**Given entries:**
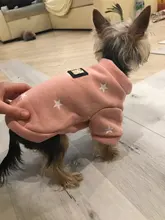 Pet-Dog-Clothes Jacket Coat Puppy Dogs Chihuahua Cotton for Warm Thick And Thin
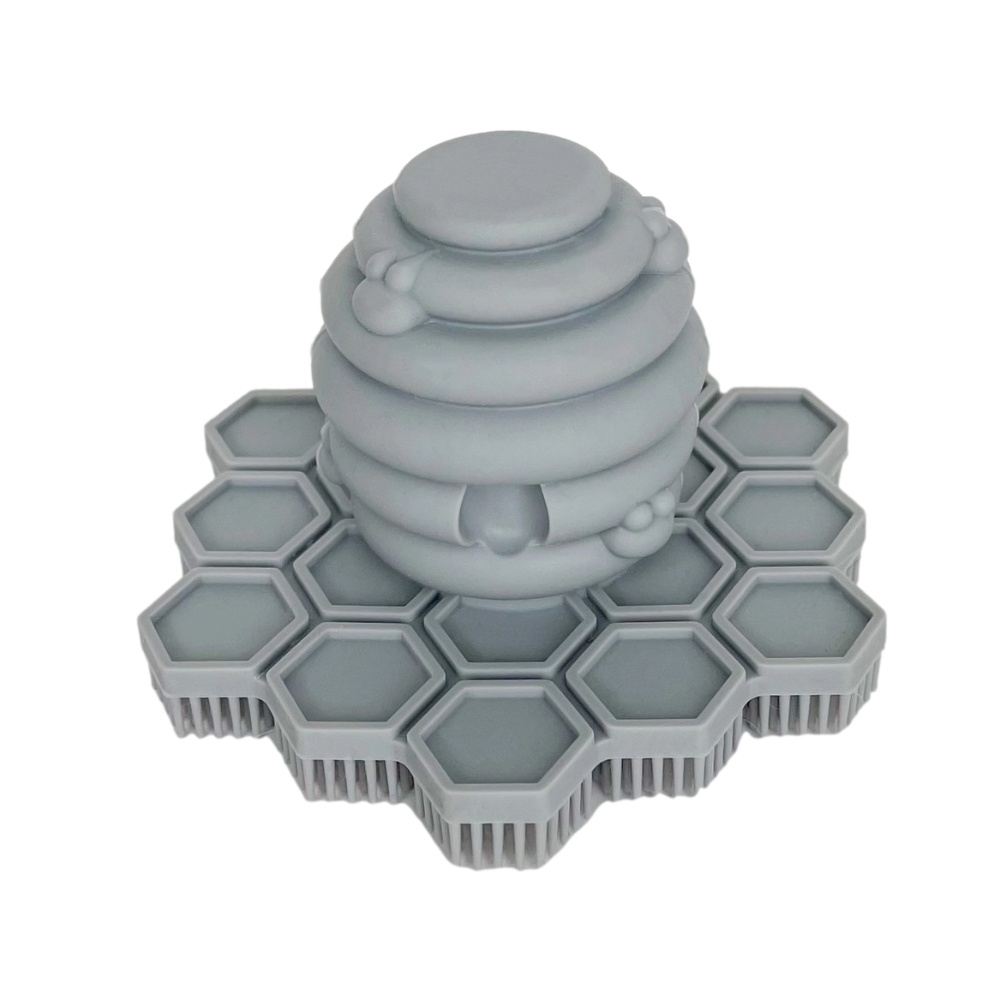 scrubbee easy-grip silicone scrubber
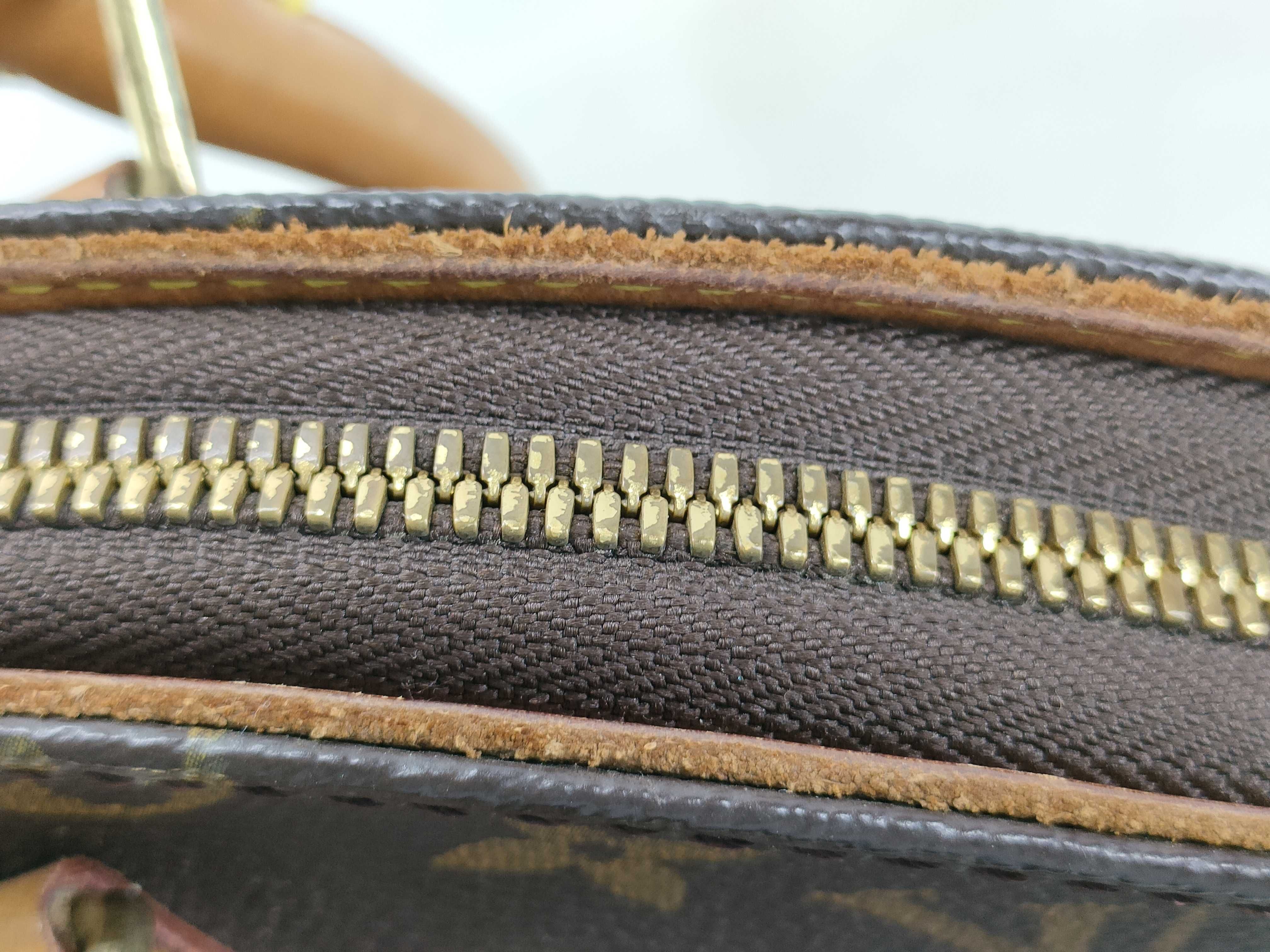 Monogram Ellipse MM M51126 MI0609 Brown Handbag — view 8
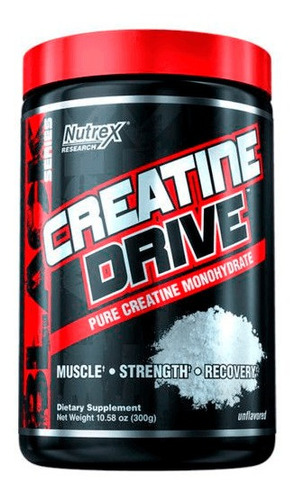 Creatina Drive 300g Nutrex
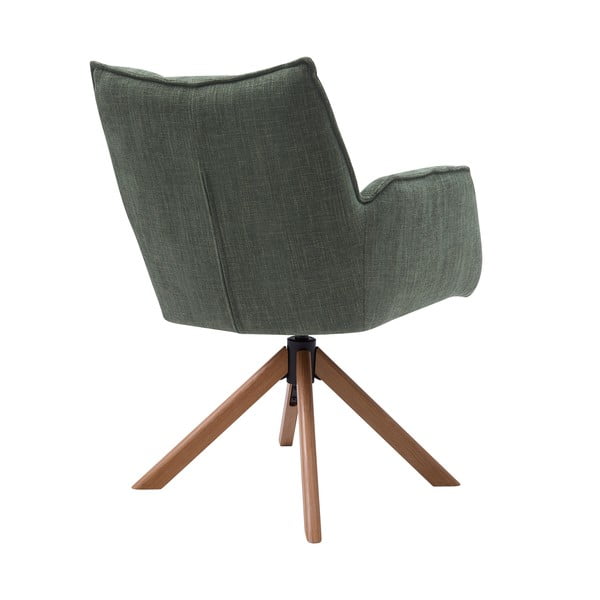 Zelene podstavljene blagovaonske stolice u setu 2 kom Marilla – Unique Furniture-image-3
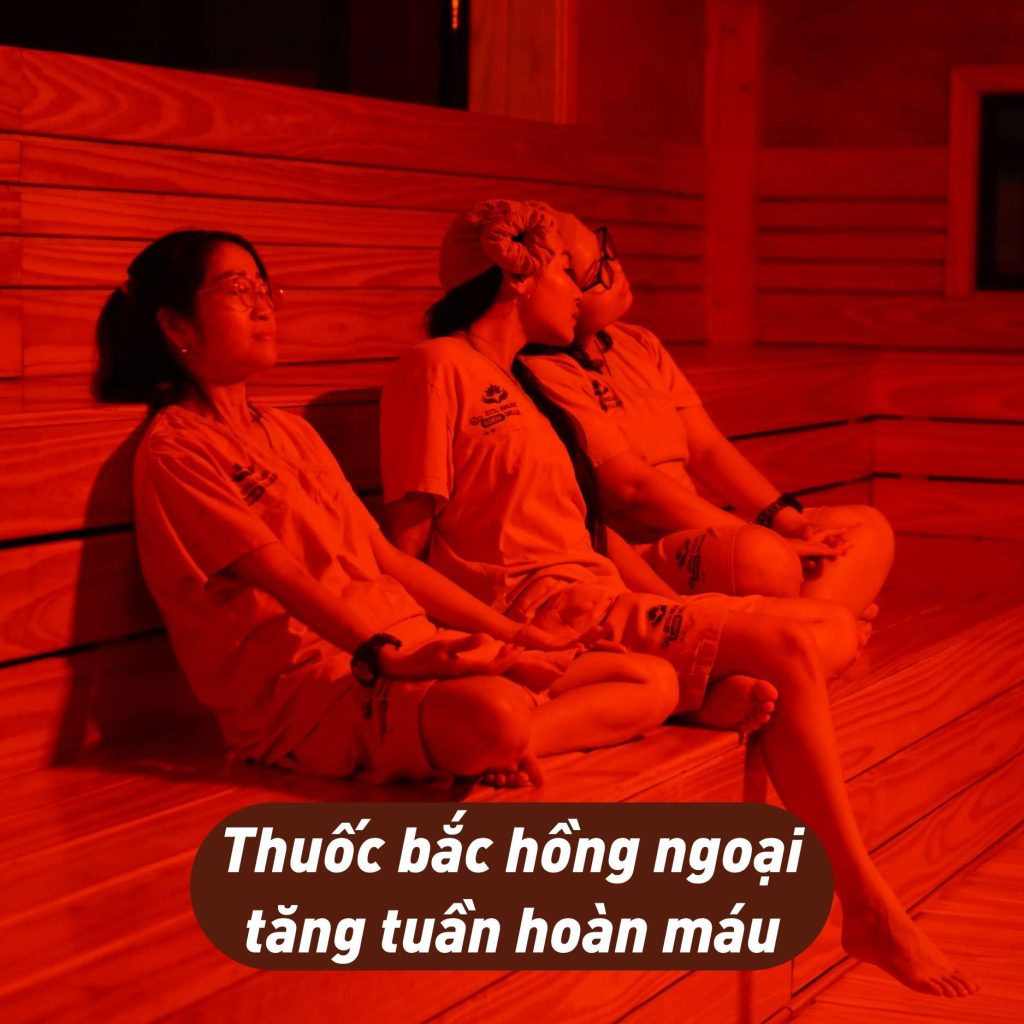 Nhiệt Hồng Ngoại – Ấm Cơ Thể, Tăng Sức Đề Kháng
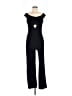 Guess Solid Black Jumpsuit Size M - photo 1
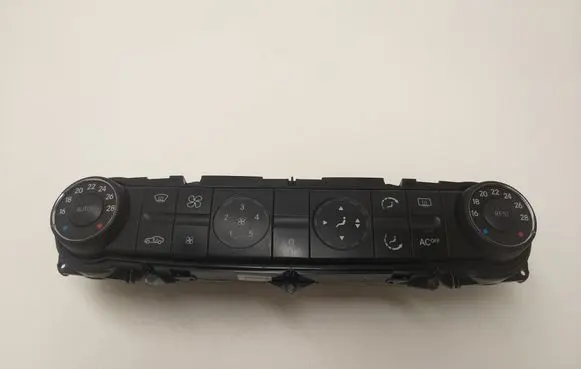 Mercedes-Benz E W211 Climate control unit 2118300190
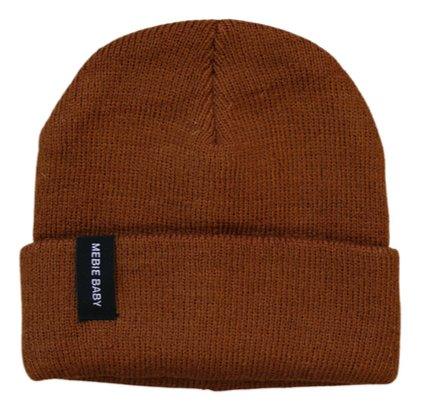 Brown Mebie Baby Beanie - Little Joy Co.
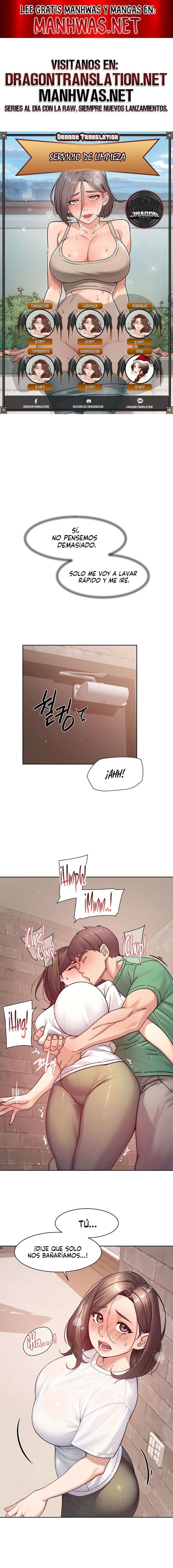 Servicio de limpieza Capítulo 28 - Page 1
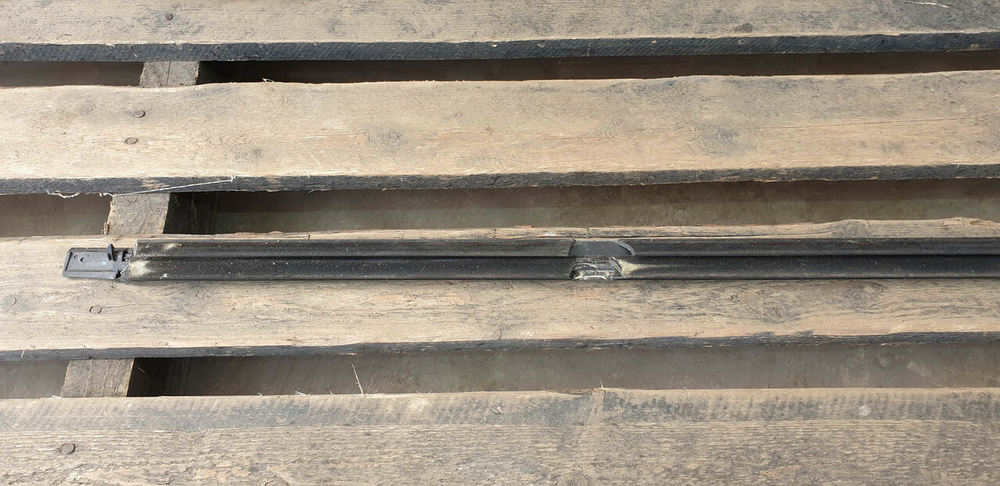 Молдинг двери задней правой Mercedes C (W205) 14-23 Б/У Оригинал A2057303601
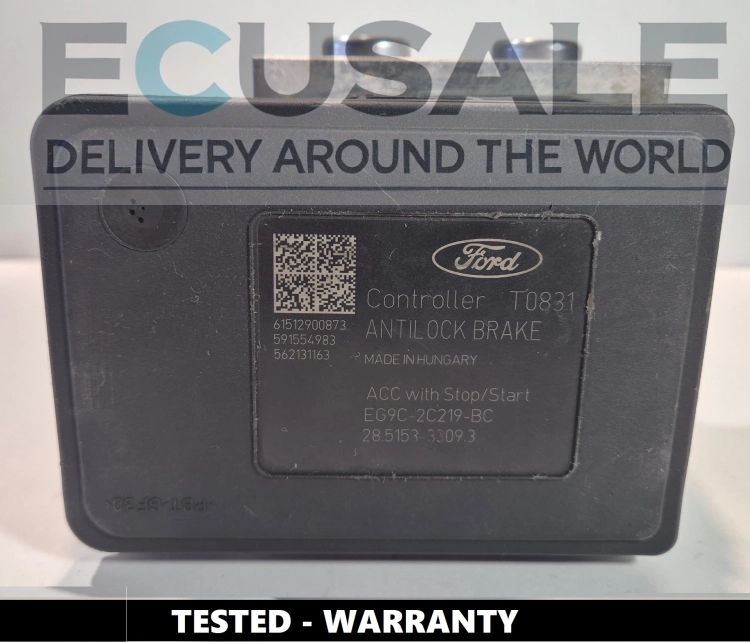 ABS Bosch para Ford Mondeo IV – referencias originales 10022004354 y EG9C-2C219-BC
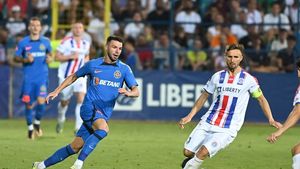 Fabulos! Andrei Cordea a încheiat meciul Oțelul Galați - FCSB cu piciorul tumefiat, dar un adversar i-a transmis că nu a fost penalty! „Dacă m-a atins, cum să nu fie?”. Dezvăluiri emoționante despre perioada dificilă prin care a trecut: „Dumnezeu mi-a arătat că viața de fotbalist nu este mereu roz”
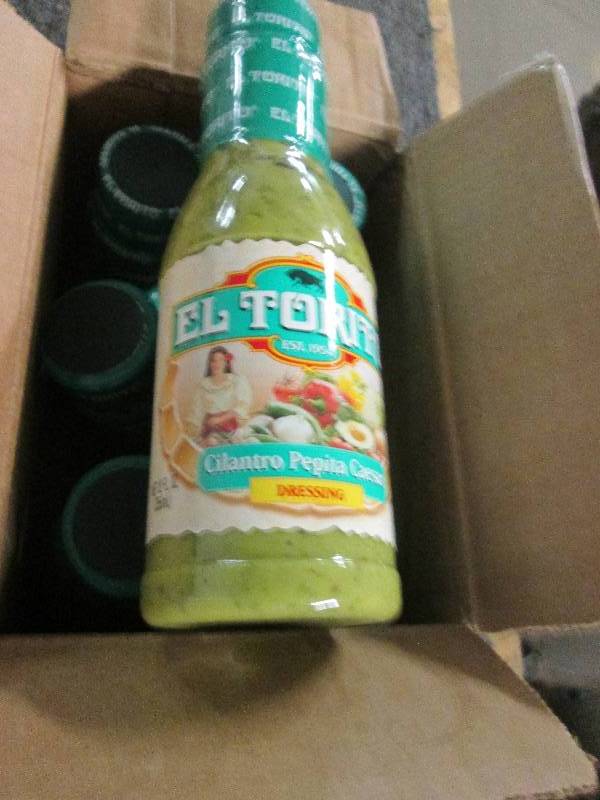 6 12 oz el torito cilantro pepita ...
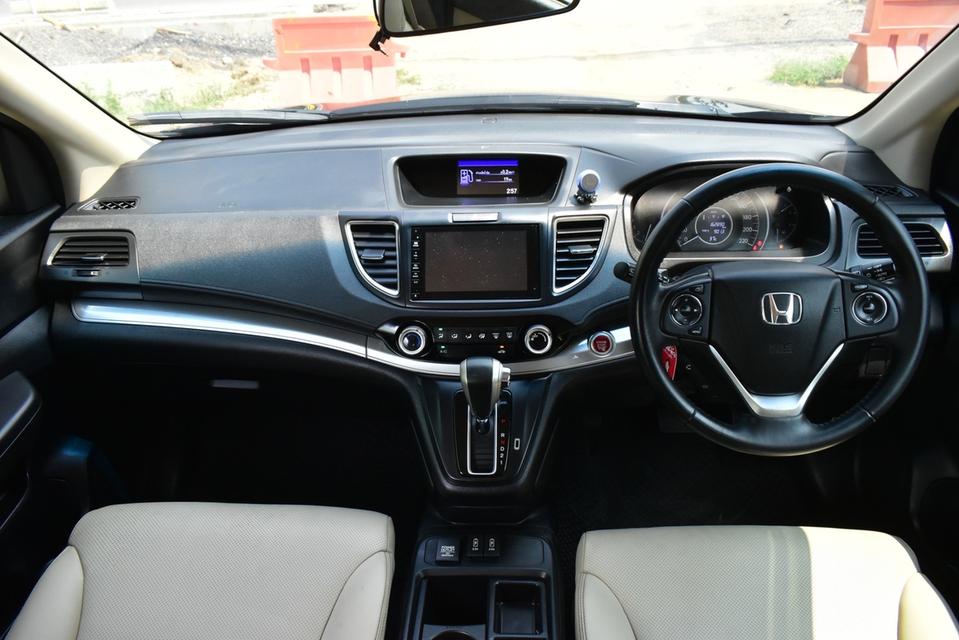 รหัสรถ PB3702 HONDA CRV 2.0 S AUTO เบนซิน 2017  14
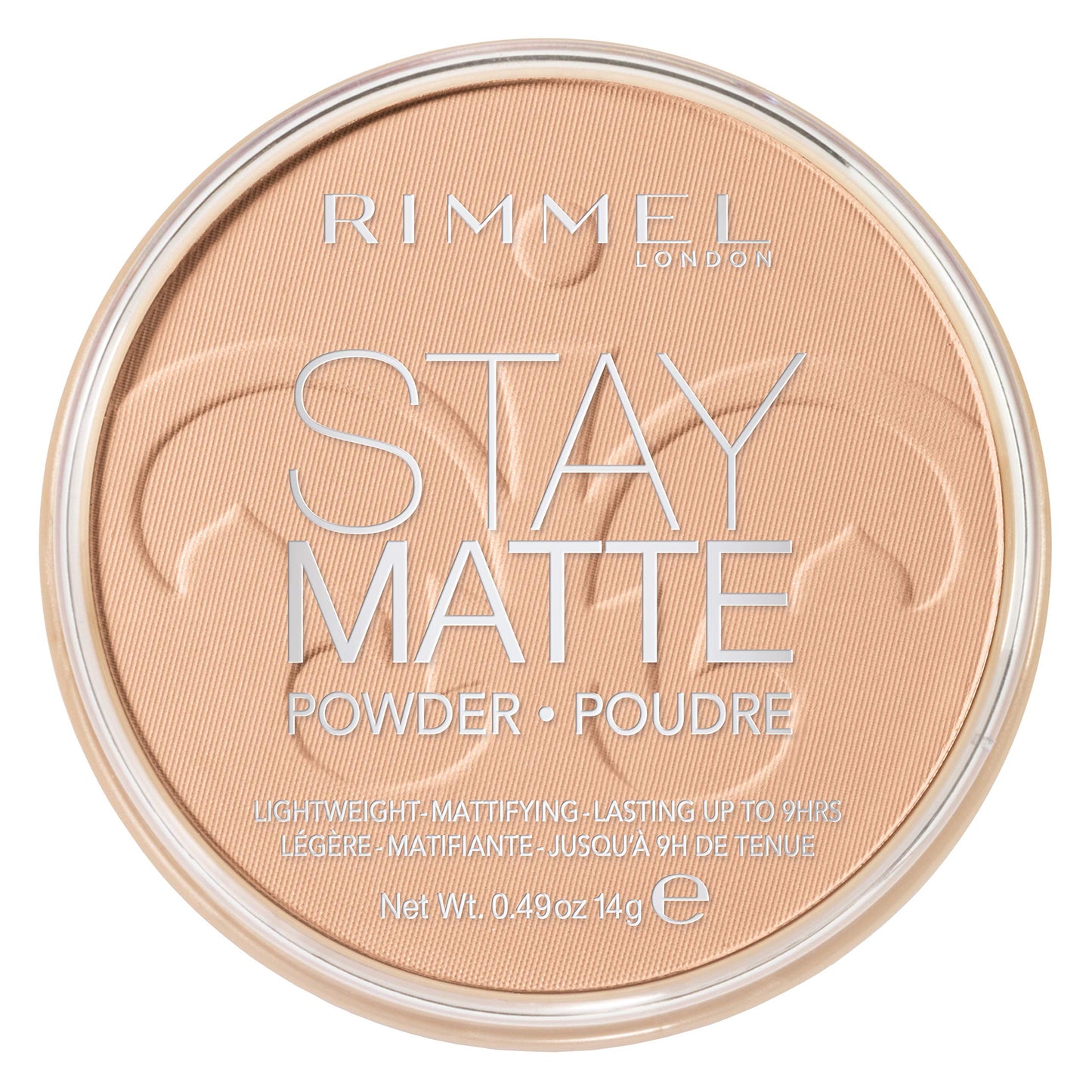 Rimmel London Stay Matte Pressed Powder 005 Silky Beige, 100 g CEMCOSRIM908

**How to complete this task:** In the listing above, find the line with "Nhiệt Hồng Ngoại" and the line with "Fabulos! Andrei Cordea". Copy exactly those lines and all between them, minus the images.

**Written response:**
 Nhiệt Hồng Ngoại – Ấm Cơ Thể, Tăng Sức Đề Kháng
 Guess Solid Black Jumpsuit Size M - photo 1
 Mercedes-Benz E W211 Climate control unit 2118300190
 Brown Mebie Baby Beanie - Little Joy Co.
 Servicio de limpieza Capítulo 28 - Page 1
 Молдинг двери задней правой Mercedes C (W205) 14-23 Б/У Оригинал A2057303601
 ABS Bosch para Ford Mondeo IV – referencias originales 10022004354 y EG9C-2C219-BC
 Fabulos! Andrei Cordea a încheiat meciul Oțelul Galați - FCSB cu piciorul tumefiat, dar un adversar i-a transmis că nu a fost penalty! „Dacă m-a atins, cum să nu fie?”. Dezvăluiri emoționante despre perioada dificilă prin care a trecut: „Dumnezeu mi-a arătat că viața de fotbalist nu este mereu roz”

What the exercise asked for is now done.